If I can't use natural Keys and I can't use Surrogate keys, then what in the world do I use?

Normalization is an abstraction at a logical level. The type of keys you use have nothing to do how you normalize tables...

People use Surrogate Keys because they HELP performance...

And a Surrogate Key would be more easily indexed, so what is your point?

So why not use some sort of cached table or small footprint in memory database, or db such as sqllite etc? Then there is no heated topic to debate ?

As I stated, the problem is automatically assigning an autonumber surrogate to all tables.

"Master" tables will need a surrogate, esp. if they are char strings. FEATURES and MEMBER_PLANS (common practice is to use plurals on tables, for various reasons) are master tables, and will be an artificial id assigned.

Child tables may or may not need an autonumber, to maintain some type of sequence, but they should not be clustered first on that value. But you specified they should be.

A child table should be clustered first on the keys of their parents. ENTITLEMENT may need an id, but if needed in the clustering key, it would be the last column, not the first.

Using the actual values for FEATURE and MEMBER here could be a nightmare, as they appear in many tables, and have to change them, in coordinated fashion, across a dozen (more?) tables would be a royal pain.

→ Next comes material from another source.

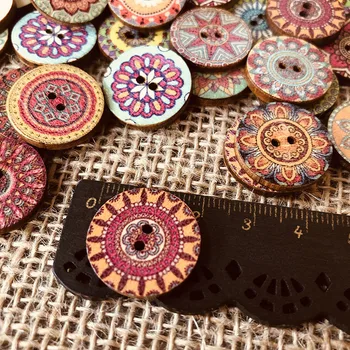 100buc Rotund Stil Indian/ Stil Boem Colorat Pictura Lemn Buton, Cusut Resturi de rezervare Lemn Natural Ornamente de Aprovizionare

And a Surrogate Key would be more easily indexed, so what is your point?

Huh? How is it "easier"? SQL doesn't at all mind two keys in an index rather than one; it's just some people that don't care for that.

People use Surrogate Keys because they HELP performance...

You should give some thought to what I actually wrote. That for child tables, you don't need to generate a surrogate key because you have a natural keys in the parent keys. The parent keys themselves are almost always surrogates, but that's irrelevant at the child level. To the child, the two parent keys are a natural key rather than blindly generating yet another autonumber to use and clustering on it. That is what hurts performance so much.